Long-acting bronchodilators, including long-acting beta2-agonists (LABA) and the anticholinergic tiotropium, are recommended as initial maintenance therapy in COPD. Studies to date have been limited in size and reported ambivalent results on the comparative risk of cardiovascular, cerebrovascular and pulmonary adverse events between these two long-acting bronchodilators. Moreover, little information is available for the period when treatment is first initiated, a time when subjects may be especially at risk.
We identified a cohort of new users of long-acting bronchodilators during 2002-2012, age 55 or older, from the United Kingdom’s Clinical Practice Research Datalink. Patients initiating tiotropium were matched on high-dimensional propensity scores and prior inhaled corticosteroid use with patients initiating LABAs, and followed for one year for the occurrence of acute myocardial infarction (AMI), stroke, heart failure, arrhythmia and pneumonia.
26,442 tiotropium initiators were matched to 26,442 LABA initiators, mainly single inhalers combined with inhaled corticosteroids. The hazard ratio (HR) of AMI associated with tiotropium initiation, relative to LABA initiation, was 1.10 (95% CI: 0.88-1.38), while for stroke it was 1.02 (95% CI: 0.78-1.34), for arrhythmia 0.81 (95% CI: 0.60-1.09), and heart failure 0.90 (95% CI: 0.79-1.02).

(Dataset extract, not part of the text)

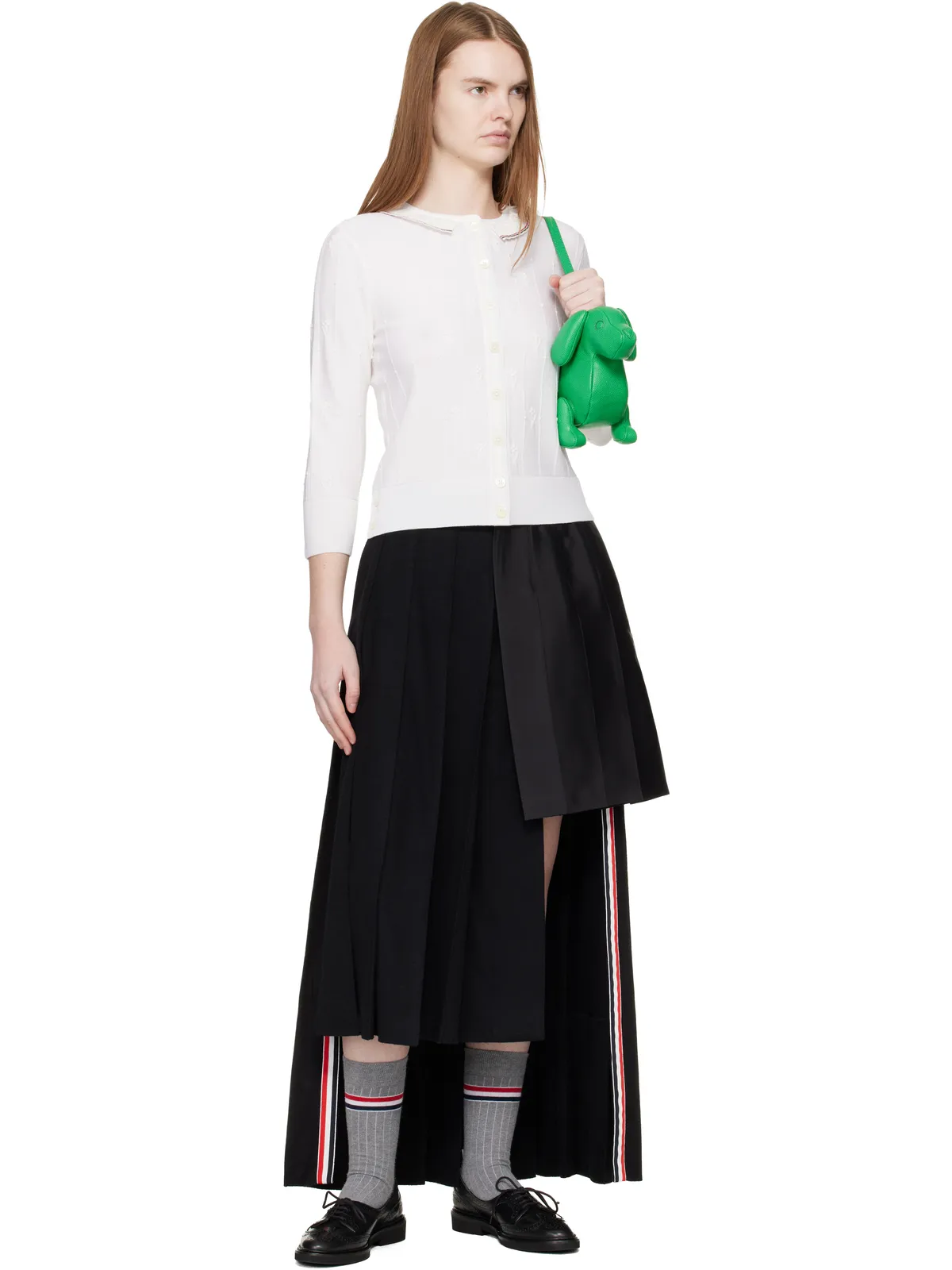 Thom Browne Bobble Stitch 3/4スリーブ カーディガン - 画像4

The incidence of pneumonia was significantly less with tiotropium (HR 0.81; 95% CI: 0.72-0.92).
COPD treatment initiation with tiotropium compared with LABA does not increase cardiovascular risk in the first year of treatment. The risk of pneumonia is higher with LABA, a likely effect of the inhaled corticosteroids present in many LABA inhalers used in real world clinical practice.